I wish I had written her early experiences down, my Mom always had such a great way of telling a story. The  funny thing is you think there is always time to ask again or you will remember the details. I want so much to share that part of her life with my girls. They never had an opportunity to know her since they were so little when she passed. I don't want her to die "the second death" which is to be forgotten once you are gone. Telling our stories and experiences is the only way to avoid that. I wish I knew more but am grateful for all I do remember.

I have to say that reading her yearbook was quite enlightening and I really wish I was at Joan's slumber party. It was mentioned quite a bit and the details when pieced together are hilarious. The attachment is a copy of what you wrote in my mom's yearbook in 1960. She always spoke of you as woman who was outgoing, spunky, made friends easily with a dramatic flair and a passion for life and those she cared about. I know how much she truly cared about you. Thank you for being her friend.

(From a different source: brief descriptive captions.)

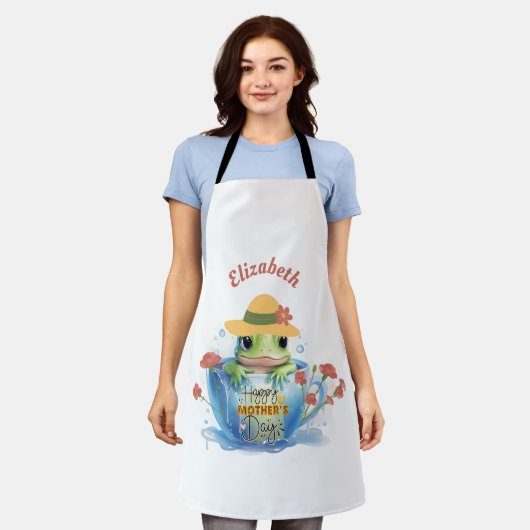 Gelukkige Moederdag Frog en Pet in een theekopje Schort (Gedragen)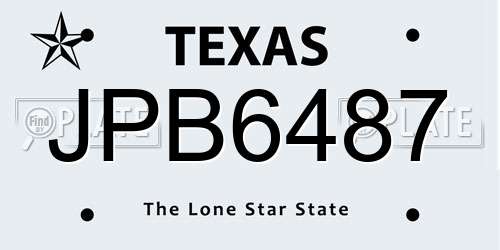 JPB6487 Texas License Plate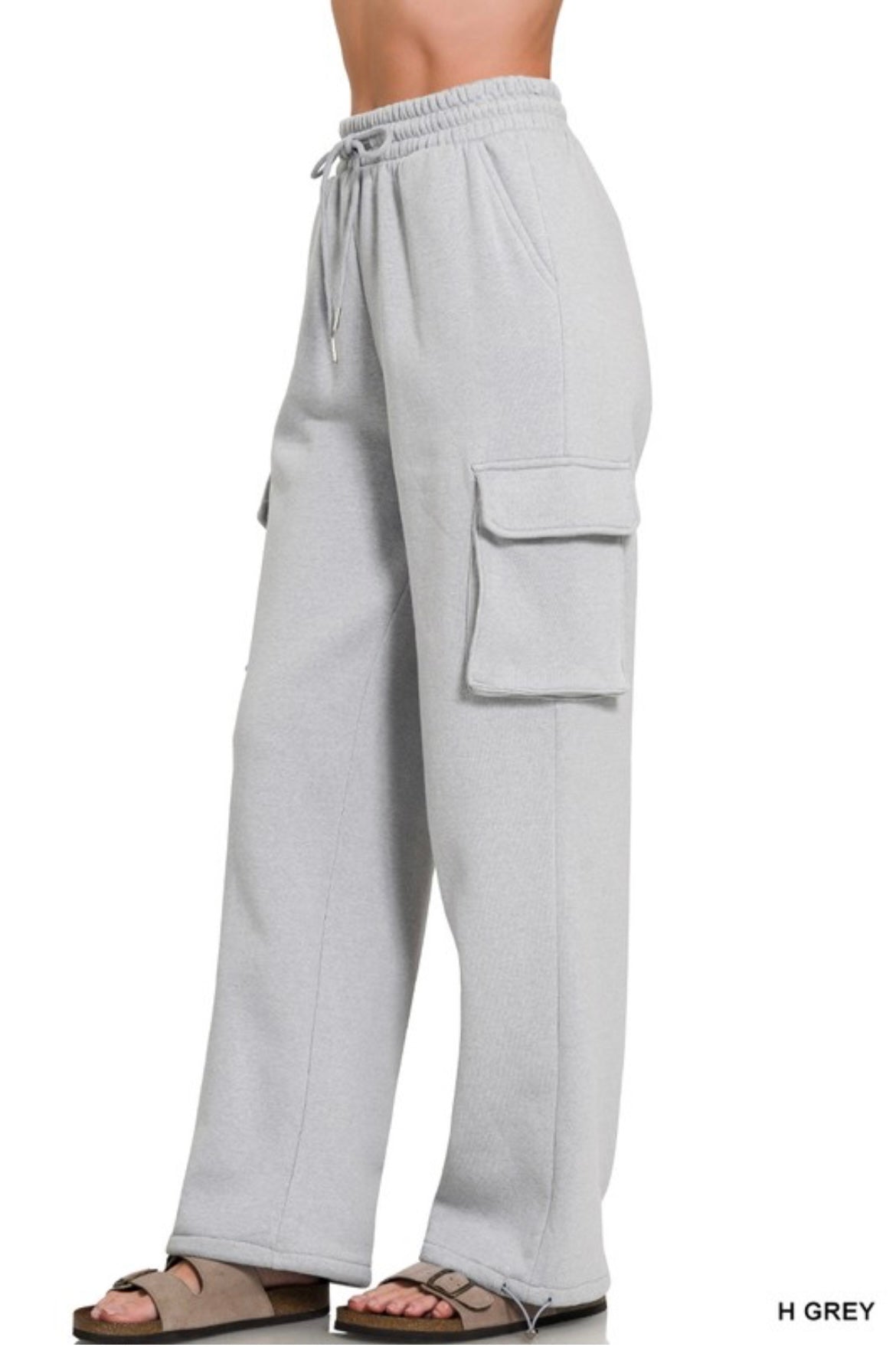 ZENANA-Comfy Fleece Cargo Wide Leg Sweatpants
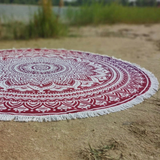 Rundes Mandala Tuch Ombre rosa lila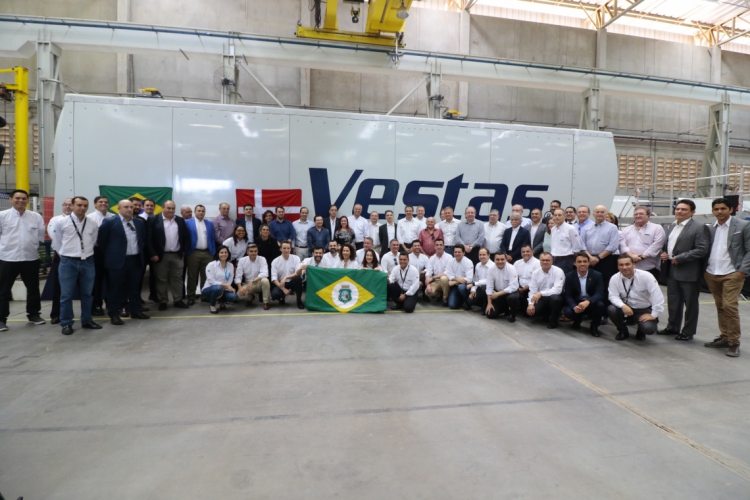 A inauguração da fábrica de aerogeradores da Vestas, no municipio de Aquiraz, ocorreu em novembro de 2019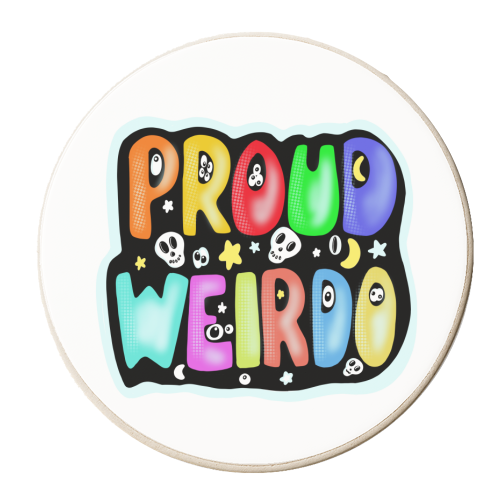 proud weirdo - personalised beer coaster by PixieDrew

On a completely different note I want to offer my condolences for the loss of your son in law. I live in San Francisco and remember the tragedy but did not know you were related until I saw it on the website. I cried when I heard about such a senseless act to a person that tried to make the world a better place. Our family kept yours in our prayers. I wasn't alone, so many of the people I know felt the same way. My husband has been at the Oakland Police Department for 20+ years and three of my brother in laws as well. I understand what the words "to protect and serve" really means. I am so sorry that your family had to endure such a loss. Members of our parish also kept you all in their prayers.

P.S. 

If any of classmates want copies of the pictures I send feel free to give them my email.